*AIM OF THE TASK*
Among the records below, find the lines that contain "Back" and copy each of them.

*DATA SECTION*
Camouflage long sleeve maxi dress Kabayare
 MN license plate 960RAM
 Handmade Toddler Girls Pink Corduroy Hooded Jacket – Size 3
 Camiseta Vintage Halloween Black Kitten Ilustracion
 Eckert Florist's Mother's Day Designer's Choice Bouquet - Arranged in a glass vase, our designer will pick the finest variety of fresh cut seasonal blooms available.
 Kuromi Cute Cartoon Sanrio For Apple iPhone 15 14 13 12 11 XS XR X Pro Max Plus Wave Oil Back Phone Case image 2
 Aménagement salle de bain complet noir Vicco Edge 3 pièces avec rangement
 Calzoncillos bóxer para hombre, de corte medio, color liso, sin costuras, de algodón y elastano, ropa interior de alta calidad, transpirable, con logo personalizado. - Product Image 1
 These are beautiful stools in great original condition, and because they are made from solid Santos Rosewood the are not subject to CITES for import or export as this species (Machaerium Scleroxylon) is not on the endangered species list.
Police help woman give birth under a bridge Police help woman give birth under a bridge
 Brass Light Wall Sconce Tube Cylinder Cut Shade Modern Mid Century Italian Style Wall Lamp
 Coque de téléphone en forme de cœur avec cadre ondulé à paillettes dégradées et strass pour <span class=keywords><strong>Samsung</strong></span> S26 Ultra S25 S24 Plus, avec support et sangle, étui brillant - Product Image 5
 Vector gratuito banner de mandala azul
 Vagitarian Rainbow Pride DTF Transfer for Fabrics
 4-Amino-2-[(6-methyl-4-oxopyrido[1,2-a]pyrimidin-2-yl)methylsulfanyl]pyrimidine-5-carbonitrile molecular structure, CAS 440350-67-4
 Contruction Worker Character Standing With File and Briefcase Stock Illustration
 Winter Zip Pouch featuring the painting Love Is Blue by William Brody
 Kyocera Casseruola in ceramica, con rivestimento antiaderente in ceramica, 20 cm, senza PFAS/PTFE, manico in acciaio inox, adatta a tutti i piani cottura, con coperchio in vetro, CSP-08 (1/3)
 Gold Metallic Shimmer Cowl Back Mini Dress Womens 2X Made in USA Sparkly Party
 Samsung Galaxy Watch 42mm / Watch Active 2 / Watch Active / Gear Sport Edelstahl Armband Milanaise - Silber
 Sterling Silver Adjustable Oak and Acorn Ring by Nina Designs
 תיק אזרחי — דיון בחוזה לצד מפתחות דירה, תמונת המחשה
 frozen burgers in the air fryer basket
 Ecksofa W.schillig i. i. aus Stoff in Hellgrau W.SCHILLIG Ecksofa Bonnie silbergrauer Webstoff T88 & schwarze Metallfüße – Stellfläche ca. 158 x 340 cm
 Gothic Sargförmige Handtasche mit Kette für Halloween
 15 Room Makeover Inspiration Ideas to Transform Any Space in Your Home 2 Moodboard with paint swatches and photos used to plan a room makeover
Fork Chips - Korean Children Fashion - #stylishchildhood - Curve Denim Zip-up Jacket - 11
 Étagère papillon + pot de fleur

*EXERCISE SOLUTION*
 Kuromi Cute Cartoon Sanrio For Apple iPhone 15 14 13 12 11 XS XR X Pro Max Plus Wave Oil Back Phone Case image 2
 Gold Metallic Shimmer Cowl Back Mini Dress Womens 2X Made in USA Sparkly Party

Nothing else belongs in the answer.